We have chosen a composite of four plausible, medically important complications. There is no good mechanistic reason to choose any one ahead of the others, and we therefore feel this is an appropriate approach. We hope that if this study shows positive effects, it will serve as a guide for larger studies investigating blood pressure control in both patients with hip fracture and more widely in older patients.

Trial status

As of 14 July 2017, 22 of the planned 75 participants had been randomised.


Not applicable.


The study is funded by the British Journal of Anaesthesia through the National Institute of Academic Anaesthesia (NIAA; reference WKR0-2015-0056). Neither the British Journal of Anaesthesia, nor NIAA, nor the sponsor (University of Nottingham) has a role in the design of the study and collection, analysis and interpretation of data or in the writing of the manuscript.

Availability of data and materials

Data sharing is not applicable to this article, because no datasets were generated or analysed during the present study.

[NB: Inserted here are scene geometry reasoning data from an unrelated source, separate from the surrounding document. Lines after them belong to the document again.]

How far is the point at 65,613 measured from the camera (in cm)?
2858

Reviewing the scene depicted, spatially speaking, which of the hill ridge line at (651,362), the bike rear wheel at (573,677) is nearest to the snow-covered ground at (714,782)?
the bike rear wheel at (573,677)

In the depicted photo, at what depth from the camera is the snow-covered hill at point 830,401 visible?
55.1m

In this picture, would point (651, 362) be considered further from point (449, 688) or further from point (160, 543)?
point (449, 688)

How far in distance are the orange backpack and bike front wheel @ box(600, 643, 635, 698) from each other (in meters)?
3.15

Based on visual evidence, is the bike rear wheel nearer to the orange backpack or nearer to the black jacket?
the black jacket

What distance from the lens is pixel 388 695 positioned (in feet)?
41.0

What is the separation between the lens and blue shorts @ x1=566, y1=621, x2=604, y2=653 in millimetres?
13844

Ethics approval and consent to participate

The trial received favourable ethical approval from the National Research Ethics Service (NRES) Committee East Midlands – Nottingham 1 on 13 April 2016 (NRES reference 16/EM/0036). This approval applies to all the participating centres (Nottingham, Brighton and Peterborough). The trial sponsor is the University of Nottingham (reference 15086). Nottingham University Hospitals NHS Research & Innovation (R&I) approval was gained on 27 October 2016 (R&I reference 16AN002). The first patient was recruited on 22 December 2016.

Consent for publication

The capacity for providing consent is assessed routinely by the orthopaedic team, which decides whether the patient is competent to provide consent for the surgical procedure. If the orthopaedic team deems the patient unable to consent to surgery, then the patient will be deemed incapable of consenting to enter the study. A member of the research team also performs an additional check of the participant’s ability to provide consent immediately prior to starting the study. All members of the research team are trained in obtaining consent in accordance with guidance for good clinical practice [ 36]. An informed consent form will be collected from each participant before the patient undergoes any interventions (including physical examination and history taking) related to the study. One copy of this form will be kept by the participant, one will be kept by the investigator, and a third will be retained in the patient’s hospital records. Because the study will involve participants who may temporarily lose their capacity during the course of the study as a result of post-operative delirium or use of analgesia, data collection and blood tests will be carried out in accordance with regulation 30 of the Mental Capacity Act 2005 and Health Research Authority guidance [ 34, 37]. Due consideration to the current circumstances of the participant will be taken, and personal or nominated consultees (a senior member of the healthcare team [consultant or senior ward nurse]) will be consulted. Regardless, if participants with temporary loss of capacity appear to object (particularly related to blood tests), then these will not be taken at that time. Depending on the context, given the fluctuating nature of delirium, a further assessment may be made later that day or the next day.

Competing interests

The authors declare that they have no competing interests.